- [The problem]
Your copy should hold only the lines from the one containing "Thumbnail 1 in" through the final line of the entries, exactly as written, with no pictures.

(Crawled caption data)
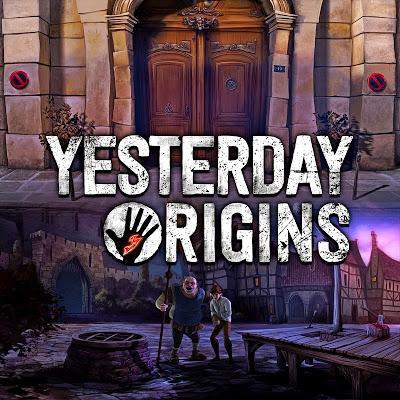 Pendulo y Microids presentan la nueva aventura gráfica Yesterday Origins Pendulo y Microids presentan la nueva aventura gráfica Yesterday Origins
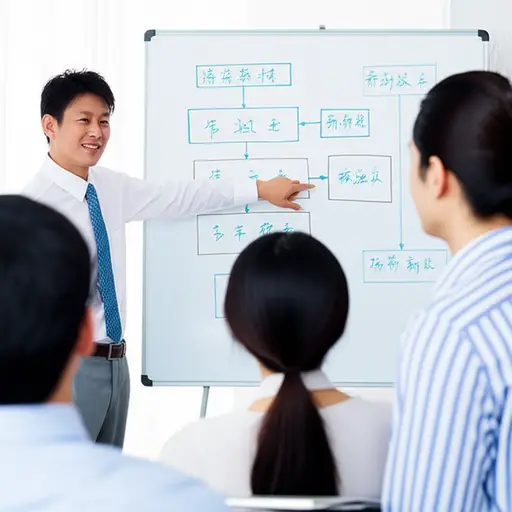 他清楚地解释了说明。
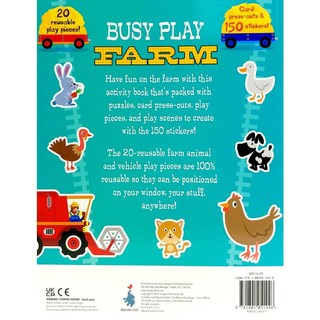 Sách Busy Play Farm (Bìa Mềm)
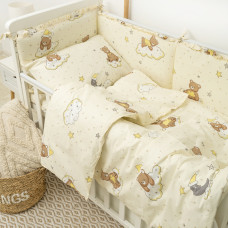 Набор детский в кроватку MAXI Viluta 23342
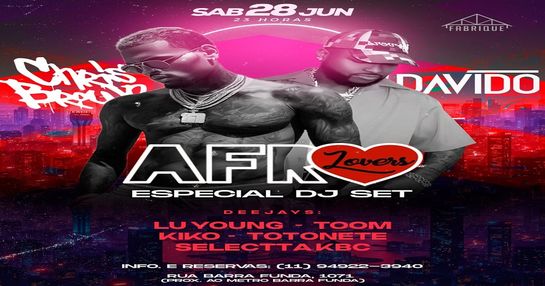 Afro Lovers Party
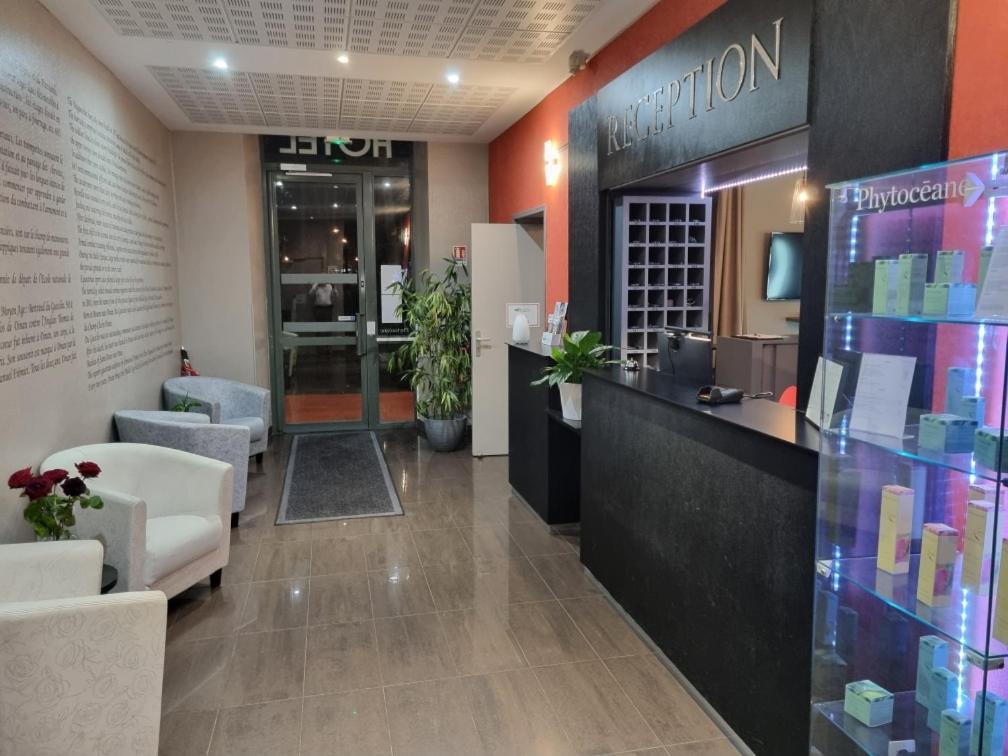 Brit Hotel Spa Le Connetable Dinan Exterior photo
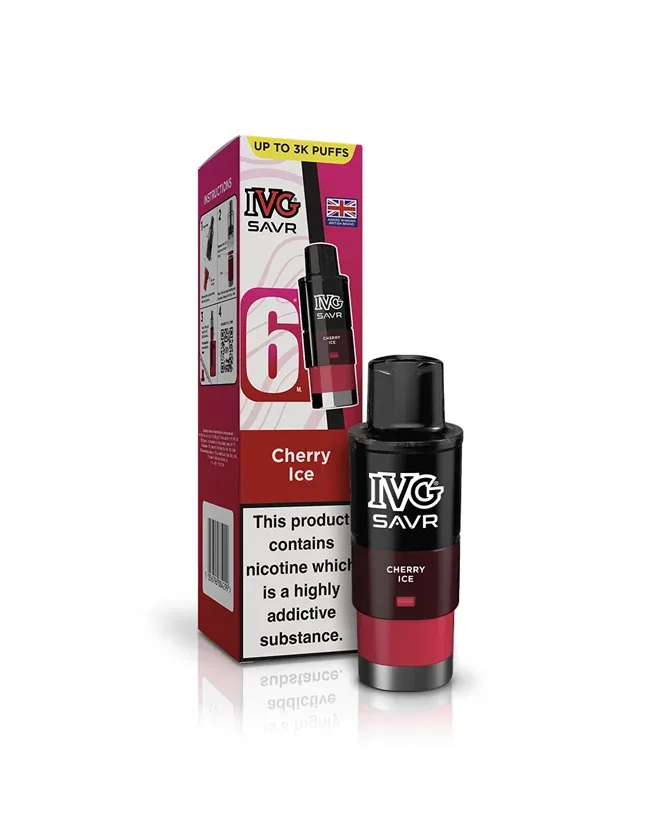 Cherry Ice IVG SAVR Refill Pack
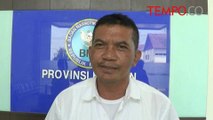 7 Tahun Pakai Sabu, Kepala Kadin Lebak Lapor BNN Banten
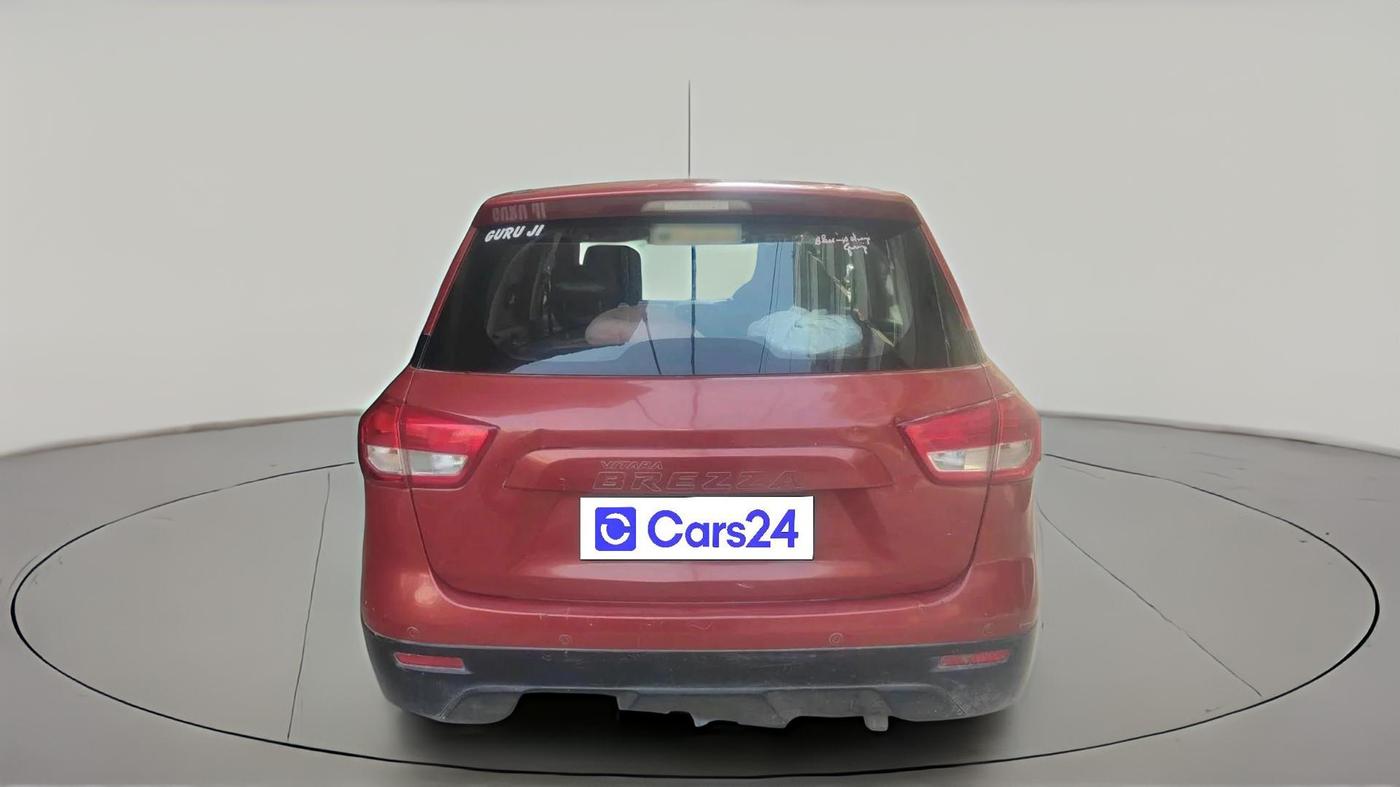2017 Maruti Vitara Brezza VDI, Diesel, Manual, 1,97,758 km, exterior
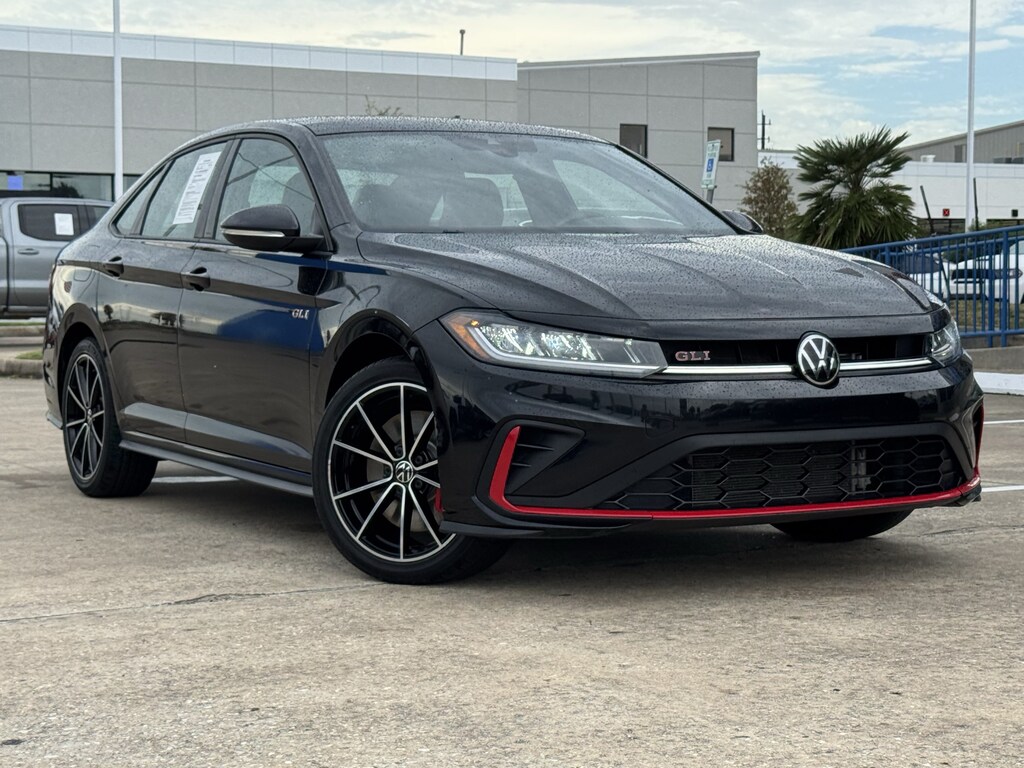 Certified 2025 Volkswagen Jetta GLI 2.0T Autobahn Sedan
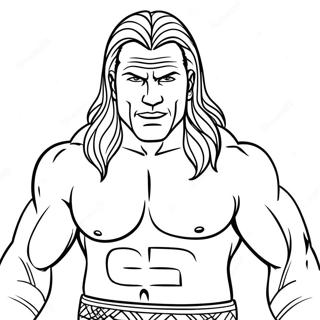 Wwe Coloring Page 31638-6818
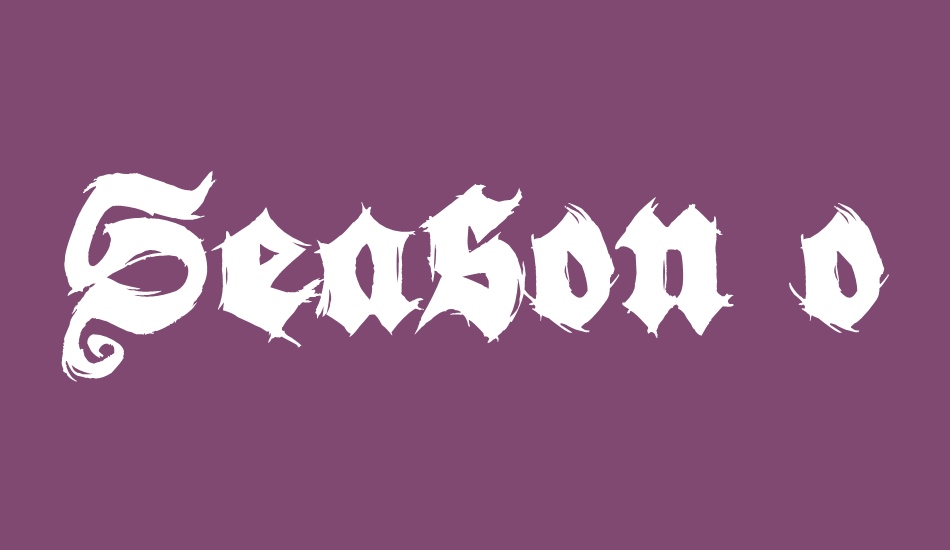 season-of-the-witch-black font big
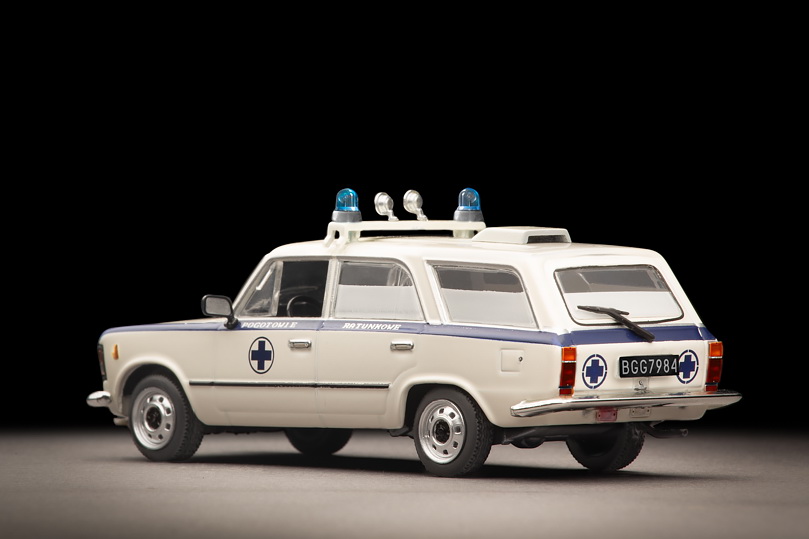 FSO Fiat 125p Ambulance (1988)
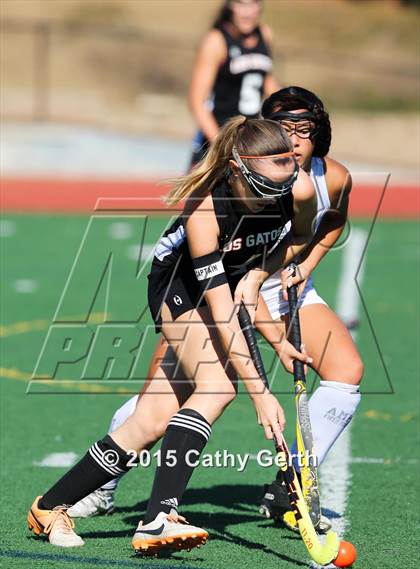 Thumbnail 1 in Los Gatos vs. Archbishop Mitty photogallery.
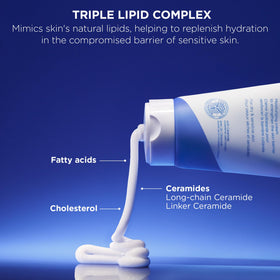 AESTURA cream texture close-up showing smooth, non-greasy hydration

- [Result below]
 Thumbnail 1 in Los Gatos vs. Archbishop Mitty photogallery.
 AESTURA cream texture close-up showing smooth, non-greasy hydration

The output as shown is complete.